Start of Listed entries
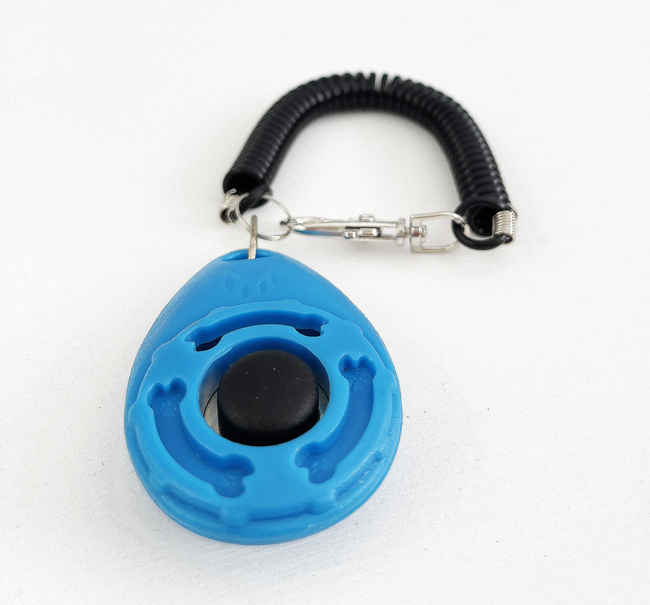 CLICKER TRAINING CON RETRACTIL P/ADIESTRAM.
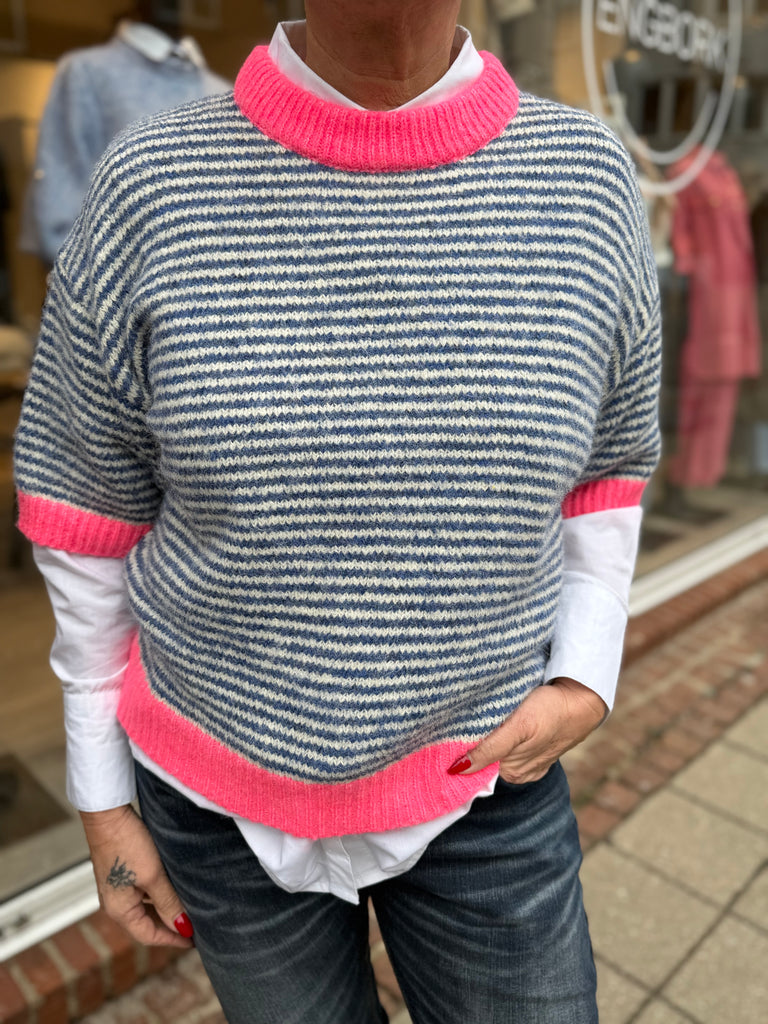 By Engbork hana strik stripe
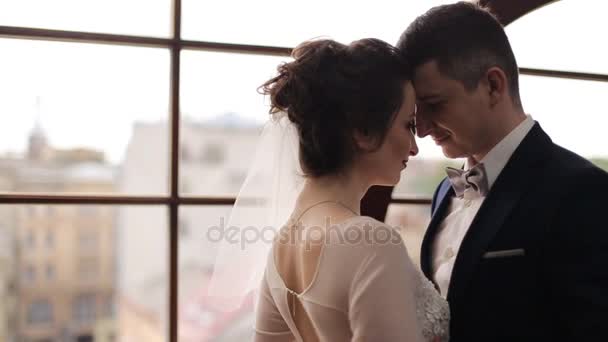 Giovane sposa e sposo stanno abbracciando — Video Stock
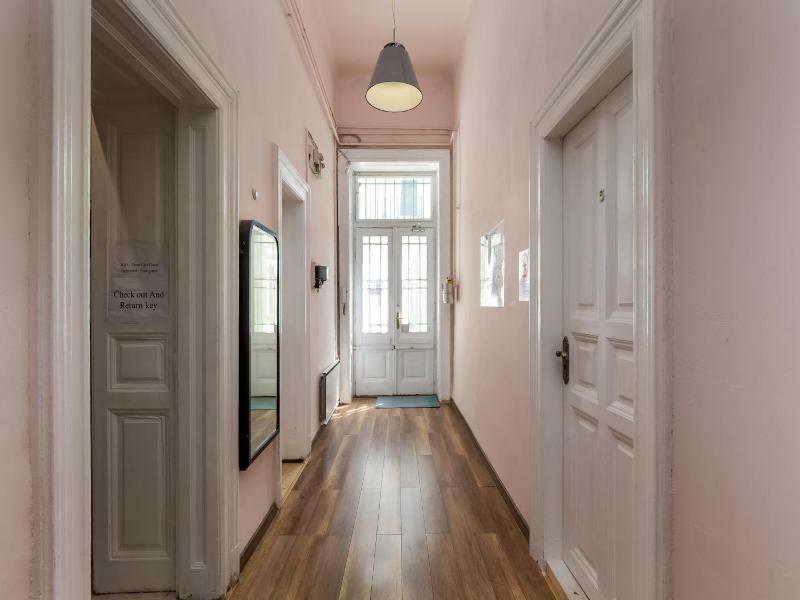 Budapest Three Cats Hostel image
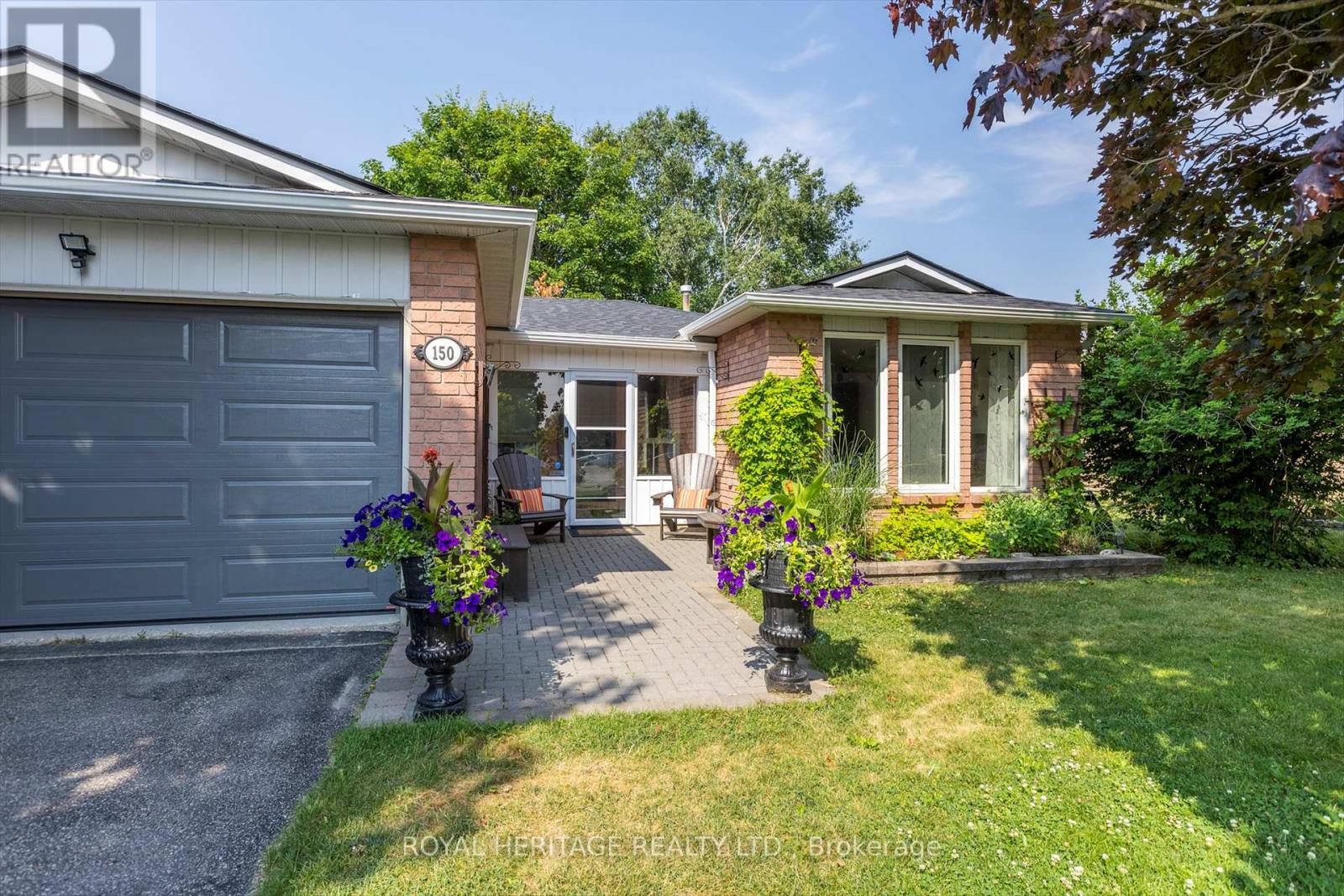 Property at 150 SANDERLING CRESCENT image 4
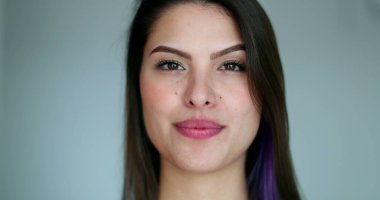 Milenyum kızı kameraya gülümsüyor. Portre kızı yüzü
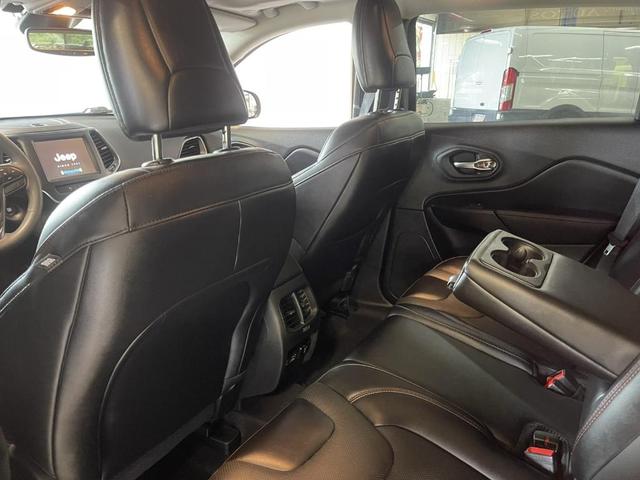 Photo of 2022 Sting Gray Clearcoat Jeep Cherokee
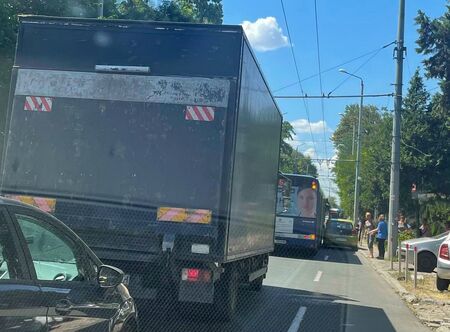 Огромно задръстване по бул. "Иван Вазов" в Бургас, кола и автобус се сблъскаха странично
End of Listed entries
● Instructions for the task:
Beginning with the line that contains "Photo of 2022" and ending with the last line of the entries above, repeat each line exactly, but not the pictures.

● Exercise output:
 Photo of 2022 Sting Gray Clearcoat Jeep Cherokee
 Огромно задръстване по бул. "Иван Вазов" в Бургас, кола и автобус се сблъскаха странично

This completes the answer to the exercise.